Gao was born in Guan in Zhili province in 1631 and raised in Hangzhou. Although poor, he developed a great talent for writing and calligraphy at an early age. In search of better prospects he ventured north when he was 19 and eventually moved to Beijing in 1665. He enrolled in the Imperial Academy and became a clerk in the Hanlin Academy after winning a competitive examination in 1671. In 1675, he gained a clerkship in the Supervisorate of Imperial Instruction. Although Gao did not possess a coveted jinshi degree, his literary talents were enough to propel his career forward. His impressive skills in calligraphy and writing court poems attracted the attention of the Kangxi Emperor, who summoned him to serve in the Imperial Study in 1677. Gao was given a home west of the Forbidden City so that he could be quickly summoned. Until 1688, he would frequently appear by the emperor's side day and night. He also accompanied the emperor on many imperial tours, leaving intimate accounts of these journeys in Songting xingji (松亭行紀), which concerned a journey to Jehol in 1681 and in Hucong dongxun rilu (扈從東巡日錄), which recounted a trip to Mukden and Ula (Jilin) in 1682.
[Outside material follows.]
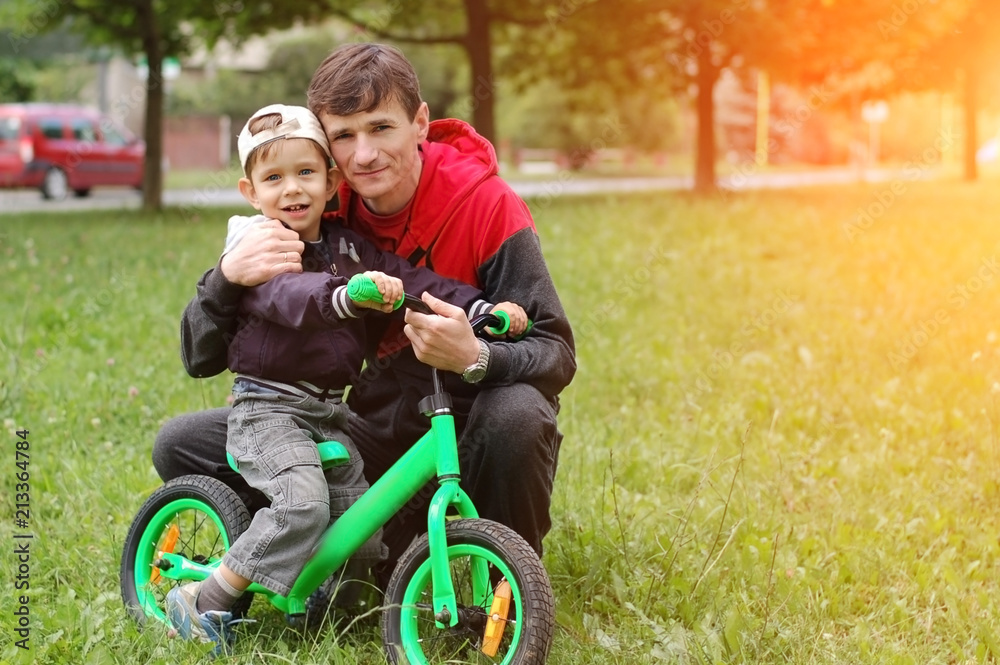 The father hugs a little son. Son and father rest after father taught his son to ride on a balanced bicycle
In 1680, Gao was made an expositor in the Hanlin Academy before being promoted to supervisor of instruction in 1687. However, the following year, he was relieved of his duties and relegated to compiling literary works of lesser importance after being involved in a bribery case. This was a relatively light punishment, perhaps owing to Gao's status as a favourite of the emperor. In early 1689, Gao was summoned to accompany the emperor on his second tour of south China. Later the same year, Gao was again accused of taking bribes by Guo Xiu, who pointed out in his memorial that Gao had become very rich in less than twenty-five years after coming to the capital as a poor student. Gao by this time had indeed developed a 'notorious' reputation for taking bribes, with popular ballads satirizing how he received jewellery and gifts from 'ten thousand countries'. As a result, Gao was forced to retire and he left the capital for Pinghu, Zhejiang, where he indulged in various literary pursuits.
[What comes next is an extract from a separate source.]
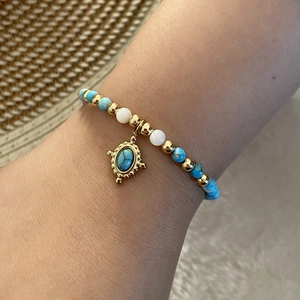 Bohemian beaded bracelet with natural blue stones and vintage gold pendant on wrist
In 1694, Gao was summoned to Beijing by the emperor to work on the History of Ming. The emperor also reappointed him to serve in the Imperial Study as one of his personal secretaries. He continued to accompany the emperor on various trips around China, even joining the latter on two of his expeditions against Galdan. Gao was finally granted leave to retire in 1697 to look after his aged mother. He was appointed vice-president in the Board of Rites in 1702, but declined the appointment to spend more time on literary pursuits at home and to continue looking after his elderly mother. He died in 1703 after returning from an audience with the emperor in Beijing. He was canonized as Wenke (文恪) in 1704, a highly unusual posthumous honour given his relatively modest official rank.

==Art collecting==
Gao was a highly accomplished art collector who amassed a huge private art collection. He is considered to be one of the most important art collectors of the early Qing period. According to art historian Amy Huang, his collecting practices played an important part in how he defined his political and social status in the Qing imperial court.